Virgin Atlantic is unashamedly pro-competition and it is the reason we were founded. We have fought since that date in 1984 to give customers a real choice when it comes to long-haul air travel. Competition drives down prices and improves service levels and that is why it matters so much to Irish consumers. We want to be sure that they are protected from any adverse impacts of IAG’s acquisition of Aer Lingus, and that the hard won benefits of competition earned over many years are maintained. If an Irish family travelling on holiday to the Caribbean, or a businessperson travelling to a meeting in Hong Kong, wishes to fly with Virgin Atlantic, right now, it works. In the same way, if they want to fly British Airways, they can. That is choice, which is something this deal should not deny the Irish consumer in the future. If IAG’s proposed acquisition of Aer Lingus is allowed to progress unchecked, this choice is at risk. IAG will have a monopoly on flights between Ireland and the UK that enable the vast majority of these connections and it will be able to withdraw from interline agreements with airlines that provide competition for connecting passengers.
How can competition be maintained? We have outlined three key questions that we believe need to be asked and then answered on behalf of Irish consumers. First, what legal guarantees have been sought from IAG that the frequency of flights and seat capacity offered by both Aer Lingus and British Airways between Ireland and the UK will be retained? We have seen what happens when competition and capacity falls away on routes. Typically, reductions in frequency or seat capacity leads to negative impacts on the service level provided and inflated fares, leading to higher prices for customers. IAG has made public offers of commitments on Aer Lingus frequencies, which the committee has discussed with its representatives, but, importantly, it has made no promises about BA's services, leaving it free to reduce BA frequencies following the transaction. Any commitments should be extended to cover British Airways as well as Aer Lingus in order that the current level of frequencies across the combined BA-Aer Lingus partnership is maintained. There must also be consideration of how seat capacity can be maintained in order that IAG does not simply downgrade the size of aircraft deployed on these routes.

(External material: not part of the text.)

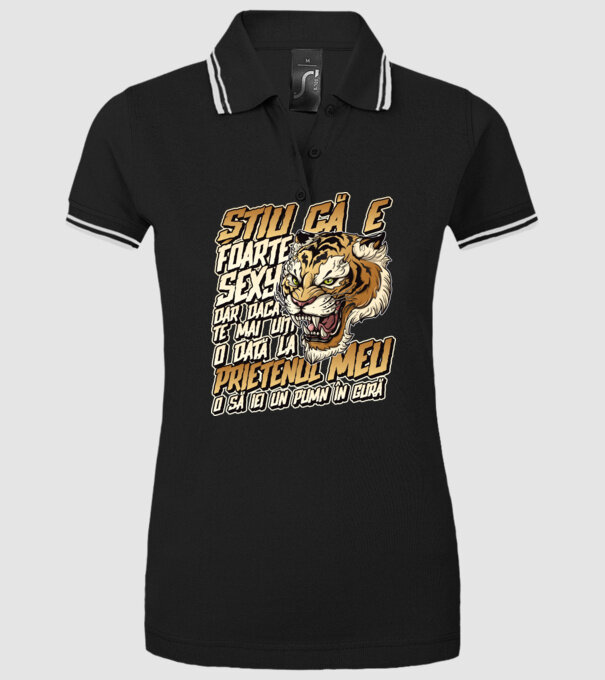 Știu că e foarte sexy, dar dacă te mai uiți o dată la prietenul meu, o să iei un pumn în gură model negru pe tricou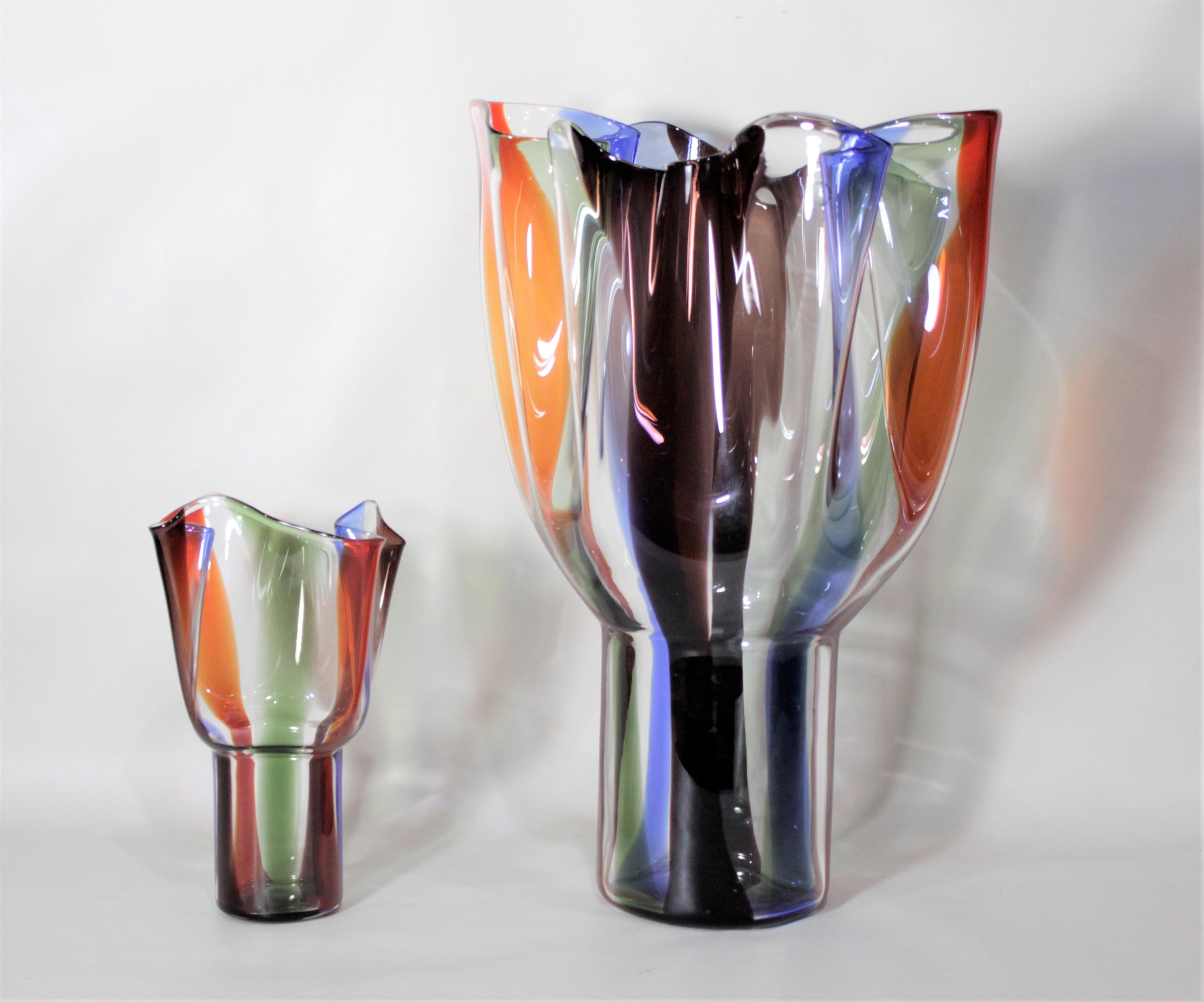 Italian Pair of Mid-Century Modern Styled Venini Art Glass Kukinto Vases by Sarpeneva For Sale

Second, has the Government sought assurances from IAG that it will carry on working with Aer Lingus's existing partner airlines, preserving the competition that Irish consumers benefit from today? It would be lovely to hear that IAG had recognised this and was discussing this with the committee but in reality the value of competition to consumers in this case is probably not at the forefront of IAG's thinking. When BA merged with BMI a few years ago, the opposite happened. Shortly after the transaction concluded, pre-existing BMI interline arrangements were switched off, depriving consumers across the former BMI network of choice when it came to making connections. Only regulatory intervention after some time restored that choice to a limited extent. Commercially, it is perfectly rational for IAG to want to keep connecting passengers on its own network. It would have no reason to offer access to its customers to its long-haul competitors. Unchecked, this deal gives IAG the opportunity to do that and to squeeze airlines such as Virgin Atlantic out of the Irish market and funnel consumers onto its own services. The Government and Parliament have a strong voice in this deal. The Aer Lingus shareholding and Ireland's membership of the EU enables them to ask IAG for commitments in any proposed deal. The EU will review the proposed transaction from a competition perspective to which they and the committee can have an input. If interline agreements are genuinely and fully protected, consumers can be protected.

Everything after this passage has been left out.